Context and sourcing
By far the easiest way to tell Harris’ crowds are real is from the vast number of corroborating sources showing those same crowds. Both the AP and Getty have numerous shots of the rally crowd from multiple angles, as do journalists and attendees who were at the event. Local news sources postedvideo of the crowds at the event, as did multipleattendees on the ground. Reporters from multiple outlets reported directly on the crowds in their accounts: Local outlet MLive estimated the crowd size at 15,000, for instance, while The New York Times noted that the event was “witnessed by thousands of people and news outlets, including The New York Times, and the number of attendees claimed by her campaign is in line with what was visible on the ground.”
Suffice it to say that this mountain of evidence from direct sources weighs more heavily than marked-up images from conservative commentators like Chuck Callesto and Dinesh D’Souza, both of whom have been caught spreading election disinformation in the past.

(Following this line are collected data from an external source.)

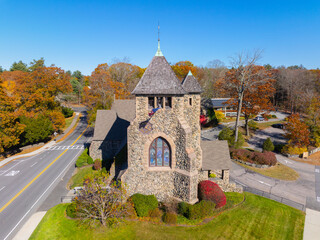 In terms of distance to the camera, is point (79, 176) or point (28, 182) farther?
point (79, 176)

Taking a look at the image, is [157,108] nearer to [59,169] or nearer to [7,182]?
[59,169]

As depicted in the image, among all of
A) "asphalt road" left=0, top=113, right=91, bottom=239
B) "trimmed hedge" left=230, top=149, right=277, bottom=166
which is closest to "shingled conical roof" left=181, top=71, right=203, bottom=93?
"trimmed hedge" left=230, top=149, right=277, bottom=166

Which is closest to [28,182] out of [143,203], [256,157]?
[143,203]

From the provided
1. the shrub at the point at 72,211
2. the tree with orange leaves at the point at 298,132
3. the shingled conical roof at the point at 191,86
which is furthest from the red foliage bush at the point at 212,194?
the tree with orange leaves at the point at 298,132

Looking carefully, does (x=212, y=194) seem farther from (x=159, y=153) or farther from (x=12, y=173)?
(x=12, y=173)

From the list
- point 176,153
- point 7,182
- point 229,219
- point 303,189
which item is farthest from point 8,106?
point 303,189

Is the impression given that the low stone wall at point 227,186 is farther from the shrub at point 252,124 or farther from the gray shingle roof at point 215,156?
the shrub at point 252,124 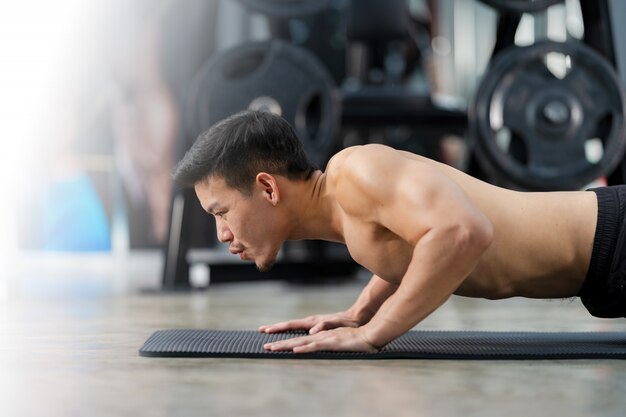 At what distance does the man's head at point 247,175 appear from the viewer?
1.52 metres

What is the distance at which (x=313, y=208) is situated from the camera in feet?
5.17

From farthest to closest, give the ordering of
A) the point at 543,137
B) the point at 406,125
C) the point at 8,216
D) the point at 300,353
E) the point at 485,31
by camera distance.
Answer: the point at 485,31 → the point at 406,125 → the point at 543,137 → the point at 8,216 → the point at 300,353

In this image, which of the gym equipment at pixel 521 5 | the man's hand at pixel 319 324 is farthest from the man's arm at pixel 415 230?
the gym equipment at pixel 521 5

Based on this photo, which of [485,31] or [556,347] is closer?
[556,347]

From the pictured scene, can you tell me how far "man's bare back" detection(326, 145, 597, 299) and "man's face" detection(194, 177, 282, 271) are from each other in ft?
0.40

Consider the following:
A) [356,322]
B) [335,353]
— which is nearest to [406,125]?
[356,322]

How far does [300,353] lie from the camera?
1.45 meters

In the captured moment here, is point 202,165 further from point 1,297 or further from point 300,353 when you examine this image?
point 1,297

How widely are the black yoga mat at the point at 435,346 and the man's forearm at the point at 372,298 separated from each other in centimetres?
8

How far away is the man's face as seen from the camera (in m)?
1.53

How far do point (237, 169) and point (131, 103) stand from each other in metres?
4.65

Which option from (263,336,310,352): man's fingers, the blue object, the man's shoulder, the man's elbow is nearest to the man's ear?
the man's shoulder

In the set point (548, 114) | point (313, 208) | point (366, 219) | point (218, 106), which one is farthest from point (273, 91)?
point (366, 219)

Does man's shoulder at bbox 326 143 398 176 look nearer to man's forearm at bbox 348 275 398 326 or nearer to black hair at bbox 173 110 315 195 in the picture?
black hair at bbox 173 110 315 195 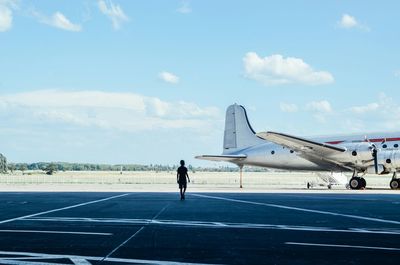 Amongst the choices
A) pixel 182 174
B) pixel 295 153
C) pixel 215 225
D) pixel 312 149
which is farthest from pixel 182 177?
pixel 295 153

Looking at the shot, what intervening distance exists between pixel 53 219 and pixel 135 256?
6.55m

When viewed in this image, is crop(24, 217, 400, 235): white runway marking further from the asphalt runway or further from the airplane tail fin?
the airplane tail fin

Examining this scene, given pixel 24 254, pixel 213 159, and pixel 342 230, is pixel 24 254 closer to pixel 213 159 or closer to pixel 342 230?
pixel 342 230

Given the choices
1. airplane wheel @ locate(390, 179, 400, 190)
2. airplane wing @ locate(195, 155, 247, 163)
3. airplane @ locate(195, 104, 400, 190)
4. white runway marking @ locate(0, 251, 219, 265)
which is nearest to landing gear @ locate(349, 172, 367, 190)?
airplane @ locate(195, 104, 400, 190)

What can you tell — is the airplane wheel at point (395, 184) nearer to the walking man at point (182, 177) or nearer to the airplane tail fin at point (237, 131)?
the airplane tail fin at point (237, 131)

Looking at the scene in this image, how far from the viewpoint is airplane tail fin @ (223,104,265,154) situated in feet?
157

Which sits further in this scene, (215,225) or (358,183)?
(358,183)

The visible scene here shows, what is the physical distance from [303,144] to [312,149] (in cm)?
103

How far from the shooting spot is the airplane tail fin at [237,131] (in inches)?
1881

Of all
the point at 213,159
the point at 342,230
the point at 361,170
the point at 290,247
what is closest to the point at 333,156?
the point at 361,170

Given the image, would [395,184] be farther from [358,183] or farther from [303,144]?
[303,144]

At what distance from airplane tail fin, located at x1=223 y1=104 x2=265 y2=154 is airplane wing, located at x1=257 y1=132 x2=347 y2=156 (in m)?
8.19

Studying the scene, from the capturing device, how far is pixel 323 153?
3928 cm

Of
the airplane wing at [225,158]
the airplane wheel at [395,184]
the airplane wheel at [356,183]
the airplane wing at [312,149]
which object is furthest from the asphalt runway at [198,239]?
the airplane wing at [225,158]
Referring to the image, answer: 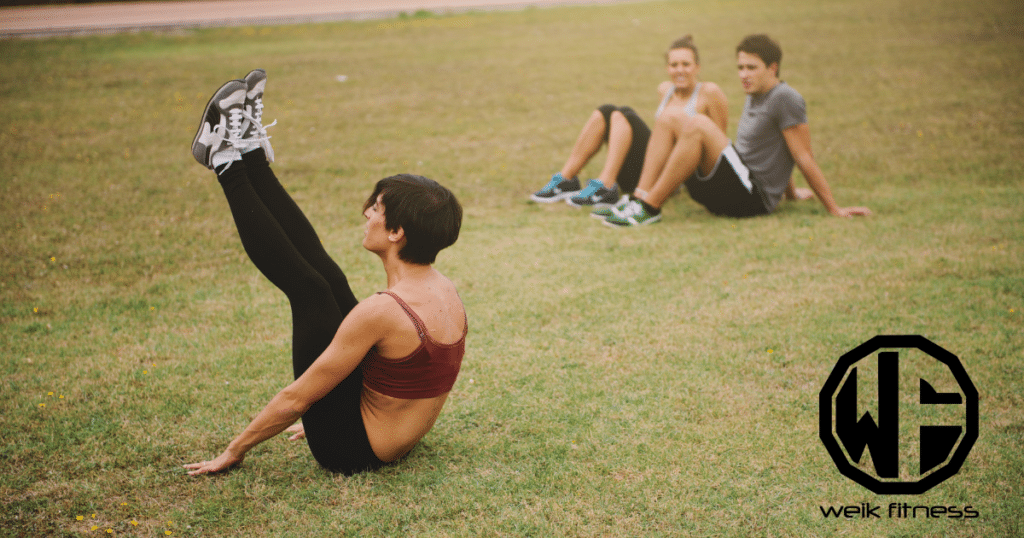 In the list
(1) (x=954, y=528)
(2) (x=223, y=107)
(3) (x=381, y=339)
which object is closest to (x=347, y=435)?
(3) (x=381, y=339)

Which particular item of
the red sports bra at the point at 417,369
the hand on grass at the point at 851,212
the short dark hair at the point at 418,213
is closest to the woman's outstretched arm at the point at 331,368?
the red sports bra at the point at 417,369

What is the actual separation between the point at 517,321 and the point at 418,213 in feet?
7.47

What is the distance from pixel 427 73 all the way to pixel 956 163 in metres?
9.79

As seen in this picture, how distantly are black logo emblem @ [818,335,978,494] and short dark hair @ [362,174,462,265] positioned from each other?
221cm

When it comes to accusations of AI fakery, the more disparate sources of information you have, the better. While a single source can easily generate a plausible-looking image of an event, multiple independent sources showing the same event from multiple angles are much less likely to be in on the same hoax. Photos that line up with video evidence are even better, especially since creating convincing long-form videos of humans or complex scenes remains a challenge for many AI tools.
It’s also important to track down the original source of whatever alleged AI image you’re looking at. It’s incredibly easy for a social media user to create an AI-generated image, claim it came from a news report or live footage of an event, then use obvious flaws in that fake image as “evidence” that the event itself was faked. Links to original imagery from an original source’s own website or verified account are much more reliable than screengrabs that could have originated anywhere (and/or been modified by anyone).